(What is needed) With the first line below as the start and the line containing "看看NVIDIA如何设计散热的 其他厂家还得学" as the end, copy every line between them exactly, ends included.

(Records from a dataset)

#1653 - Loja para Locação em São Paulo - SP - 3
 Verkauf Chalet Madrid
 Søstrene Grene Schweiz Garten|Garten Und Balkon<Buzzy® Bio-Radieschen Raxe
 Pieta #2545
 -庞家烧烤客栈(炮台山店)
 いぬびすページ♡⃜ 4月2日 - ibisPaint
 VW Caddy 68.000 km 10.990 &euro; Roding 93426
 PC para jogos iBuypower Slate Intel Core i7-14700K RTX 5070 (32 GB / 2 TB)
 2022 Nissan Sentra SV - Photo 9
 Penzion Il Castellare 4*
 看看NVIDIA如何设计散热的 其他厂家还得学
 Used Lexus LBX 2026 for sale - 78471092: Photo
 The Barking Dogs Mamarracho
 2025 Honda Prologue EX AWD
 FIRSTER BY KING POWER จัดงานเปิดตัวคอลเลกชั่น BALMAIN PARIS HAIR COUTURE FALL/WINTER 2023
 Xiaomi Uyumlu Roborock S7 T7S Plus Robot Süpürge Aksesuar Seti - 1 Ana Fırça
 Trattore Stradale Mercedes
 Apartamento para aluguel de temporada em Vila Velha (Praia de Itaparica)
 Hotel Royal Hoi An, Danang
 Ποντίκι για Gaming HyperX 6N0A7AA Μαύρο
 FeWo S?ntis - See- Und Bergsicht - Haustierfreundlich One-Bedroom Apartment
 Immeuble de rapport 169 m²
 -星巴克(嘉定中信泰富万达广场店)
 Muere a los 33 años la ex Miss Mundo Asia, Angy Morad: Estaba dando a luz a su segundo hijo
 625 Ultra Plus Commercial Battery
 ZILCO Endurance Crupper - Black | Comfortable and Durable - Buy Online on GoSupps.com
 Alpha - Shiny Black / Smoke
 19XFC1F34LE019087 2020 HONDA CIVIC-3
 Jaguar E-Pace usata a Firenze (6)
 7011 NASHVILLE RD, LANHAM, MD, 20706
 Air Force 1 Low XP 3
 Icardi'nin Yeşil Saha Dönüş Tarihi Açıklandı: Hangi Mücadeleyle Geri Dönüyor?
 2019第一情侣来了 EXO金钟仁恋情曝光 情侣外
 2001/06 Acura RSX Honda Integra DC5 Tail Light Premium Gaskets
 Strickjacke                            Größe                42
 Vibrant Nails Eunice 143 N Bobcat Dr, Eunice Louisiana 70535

(Response to this exercise)
#1653 - Loja para Locação em São Paulo - SP - 3
 Verkauf Chalet Madrid
 Søstrene Grene Schweiz Garten|Garten Und Balkon<Buzzy® Bio-Radieschen Raxe
 Pieta #2545
 -庞家烧烤客栈(炮台山店)
 いぬびすページ♡⃜ 4月2日 - ibisPaint
 VW Caddy 68.000 km 10.990 &euro; Roding 93426
 PC para jogos iBuypower Slate Intel Core i7-14700K RTX 5070 (32 GB / 2 TB)
 2022 Nissan Sentra SV - Photo 9
 Penzion Il Castellare 4*
 看看NVIDIA如何设计散热的 其他厂家还得学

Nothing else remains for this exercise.